FEEL FREE TO COMMENT :)

This is how the iPhone 8 Face ID could work

Posted by Admin 11/09/2017 0 Comment(s)
This is how the iPhone 8 Face ID could work

We’re just counting down the hours, OK more than 24 hours, to the unveiling of the iPhone 8, or iPhone X if you may. But there’s no stopping the flow of leaks, sometimes almost official, regarding some of the tenth anniversary phone’s most intriguing features. This time, the focus is once again on Face ID, which will replace the fingerprint-based Touch ID on the iPhone 8/X. Considering how it has been looked at (no pun intended), with skepticism, it isn’t surprising that Apple is taking pains to make sure that it works just as securely and as conveniently as the revered fingerprint sensor.

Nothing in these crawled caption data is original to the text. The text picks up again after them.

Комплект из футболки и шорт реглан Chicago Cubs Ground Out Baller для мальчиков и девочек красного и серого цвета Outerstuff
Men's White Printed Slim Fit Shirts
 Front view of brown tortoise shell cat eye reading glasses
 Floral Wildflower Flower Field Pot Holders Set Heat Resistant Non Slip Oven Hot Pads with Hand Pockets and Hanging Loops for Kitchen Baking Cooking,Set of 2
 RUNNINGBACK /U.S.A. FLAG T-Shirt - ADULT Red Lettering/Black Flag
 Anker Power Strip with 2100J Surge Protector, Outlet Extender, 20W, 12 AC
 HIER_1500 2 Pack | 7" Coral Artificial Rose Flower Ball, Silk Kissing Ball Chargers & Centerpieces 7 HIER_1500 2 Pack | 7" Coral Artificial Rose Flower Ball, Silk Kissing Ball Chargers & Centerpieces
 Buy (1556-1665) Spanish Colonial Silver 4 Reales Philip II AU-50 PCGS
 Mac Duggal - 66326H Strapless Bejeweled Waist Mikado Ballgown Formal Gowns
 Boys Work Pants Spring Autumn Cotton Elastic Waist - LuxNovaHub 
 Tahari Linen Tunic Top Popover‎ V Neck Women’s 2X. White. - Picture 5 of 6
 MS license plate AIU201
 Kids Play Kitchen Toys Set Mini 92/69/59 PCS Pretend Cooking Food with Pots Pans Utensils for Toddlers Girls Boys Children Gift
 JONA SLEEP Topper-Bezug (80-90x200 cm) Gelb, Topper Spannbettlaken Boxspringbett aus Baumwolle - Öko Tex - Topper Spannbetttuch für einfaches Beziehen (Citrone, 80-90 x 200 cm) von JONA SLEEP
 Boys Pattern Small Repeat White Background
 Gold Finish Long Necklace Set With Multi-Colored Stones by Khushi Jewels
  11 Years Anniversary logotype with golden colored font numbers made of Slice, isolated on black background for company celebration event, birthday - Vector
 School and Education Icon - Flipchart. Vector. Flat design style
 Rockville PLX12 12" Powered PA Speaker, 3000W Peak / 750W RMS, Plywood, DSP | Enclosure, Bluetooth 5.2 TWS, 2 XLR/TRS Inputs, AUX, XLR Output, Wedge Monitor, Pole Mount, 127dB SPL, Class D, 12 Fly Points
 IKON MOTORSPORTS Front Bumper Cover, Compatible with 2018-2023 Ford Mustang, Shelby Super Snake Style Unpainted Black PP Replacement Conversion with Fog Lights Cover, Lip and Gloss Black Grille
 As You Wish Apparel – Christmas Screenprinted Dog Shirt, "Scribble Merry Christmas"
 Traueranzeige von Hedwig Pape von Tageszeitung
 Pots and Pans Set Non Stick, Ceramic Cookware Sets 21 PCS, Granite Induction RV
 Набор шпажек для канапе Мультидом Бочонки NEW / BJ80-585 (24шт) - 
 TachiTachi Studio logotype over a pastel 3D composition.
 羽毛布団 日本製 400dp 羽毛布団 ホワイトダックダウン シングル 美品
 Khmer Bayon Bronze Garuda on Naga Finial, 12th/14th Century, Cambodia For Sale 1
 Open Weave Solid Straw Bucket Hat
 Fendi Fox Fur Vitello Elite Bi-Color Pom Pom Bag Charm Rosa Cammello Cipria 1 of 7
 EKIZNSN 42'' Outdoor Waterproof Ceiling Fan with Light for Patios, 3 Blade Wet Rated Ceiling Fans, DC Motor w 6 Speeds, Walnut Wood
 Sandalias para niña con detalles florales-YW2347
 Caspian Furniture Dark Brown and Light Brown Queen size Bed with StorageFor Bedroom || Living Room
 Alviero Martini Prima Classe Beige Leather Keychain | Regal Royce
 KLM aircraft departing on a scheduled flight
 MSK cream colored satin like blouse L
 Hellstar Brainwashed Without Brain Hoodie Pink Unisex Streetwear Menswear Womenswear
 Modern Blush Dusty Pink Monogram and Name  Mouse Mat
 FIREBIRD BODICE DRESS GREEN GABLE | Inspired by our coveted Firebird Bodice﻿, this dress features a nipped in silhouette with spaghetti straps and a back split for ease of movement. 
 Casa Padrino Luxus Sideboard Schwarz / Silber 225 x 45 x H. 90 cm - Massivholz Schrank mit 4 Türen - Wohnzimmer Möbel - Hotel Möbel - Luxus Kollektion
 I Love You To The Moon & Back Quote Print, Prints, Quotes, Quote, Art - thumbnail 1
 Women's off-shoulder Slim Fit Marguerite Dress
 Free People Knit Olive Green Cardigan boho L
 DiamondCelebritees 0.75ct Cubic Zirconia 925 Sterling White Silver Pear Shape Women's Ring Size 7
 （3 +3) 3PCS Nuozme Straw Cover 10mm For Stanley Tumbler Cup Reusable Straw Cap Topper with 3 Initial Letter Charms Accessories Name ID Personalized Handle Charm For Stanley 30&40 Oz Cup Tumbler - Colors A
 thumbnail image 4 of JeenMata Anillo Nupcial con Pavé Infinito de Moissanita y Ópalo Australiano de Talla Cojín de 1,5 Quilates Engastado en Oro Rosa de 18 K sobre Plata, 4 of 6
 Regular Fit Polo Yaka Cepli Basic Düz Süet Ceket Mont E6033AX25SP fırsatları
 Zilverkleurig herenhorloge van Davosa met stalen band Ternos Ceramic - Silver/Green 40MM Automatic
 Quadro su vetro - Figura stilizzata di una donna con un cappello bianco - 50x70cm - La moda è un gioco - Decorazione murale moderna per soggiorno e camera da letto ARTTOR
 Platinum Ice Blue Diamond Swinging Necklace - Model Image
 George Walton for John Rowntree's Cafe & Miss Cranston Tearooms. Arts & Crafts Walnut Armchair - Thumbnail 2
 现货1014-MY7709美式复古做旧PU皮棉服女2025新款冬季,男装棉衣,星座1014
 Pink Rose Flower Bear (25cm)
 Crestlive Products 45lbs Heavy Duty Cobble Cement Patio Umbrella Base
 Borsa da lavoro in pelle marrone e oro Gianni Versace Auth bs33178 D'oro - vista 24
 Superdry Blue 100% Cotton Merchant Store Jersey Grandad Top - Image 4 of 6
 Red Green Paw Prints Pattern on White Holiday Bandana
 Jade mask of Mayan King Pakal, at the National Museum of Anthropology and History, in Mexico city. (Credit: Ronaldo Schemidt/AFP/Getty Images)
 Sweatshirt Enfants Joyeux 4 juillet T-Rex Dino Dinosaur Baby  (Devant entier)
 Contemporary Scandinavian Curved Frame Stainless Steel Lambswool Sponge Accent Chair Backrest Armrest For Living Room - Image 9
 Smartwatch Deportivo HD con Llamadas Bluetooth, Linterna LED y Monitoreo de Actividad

Naturally, the first step in any biometric security system is setting it up to your biometrics, in this case, your face. Considering the novelty of the feature, there will bound to be some confusion on how to set it up, but Apple tries to make it as painless as possible. Fortunately, you only have one face to scan.

 

Once set up, unlocking the iPhone 8/X should be a breeze, in theory at least. Unlike with a fingerprint sensor, you have to align your face with the placeholder smiley (which looks a lot like the old Mac OS logo) and wait for it to do its magic.

 

 

That magic is thanks to four sensors found on the front of the iPhone 8, the sensors that made the wide cutout at the top a necessity. That’s according to the information gathered by the popular Ming-Chi Kuo. The four sensors are paired by twos and flank the speaker grille and LED flash in the middle. Two are common to any smartphone, namely the front camera and ambient light/proximity sensor, the latter of which will also be responsible for time of flight data. The other two are the structured light transmitter and receiver for collecting depth information.

Kuo also mentions that the light sensor on the iPhone 8/X will support True Tone technology, which implies that this iPhone will get that feature so far only found on the iPad Pros. True Tone adjusts the color and warmth of the screen depending on the ambient light. This feature was initially rumored for the iPhone 7 and 7 Plus, which, of course, never came to pass.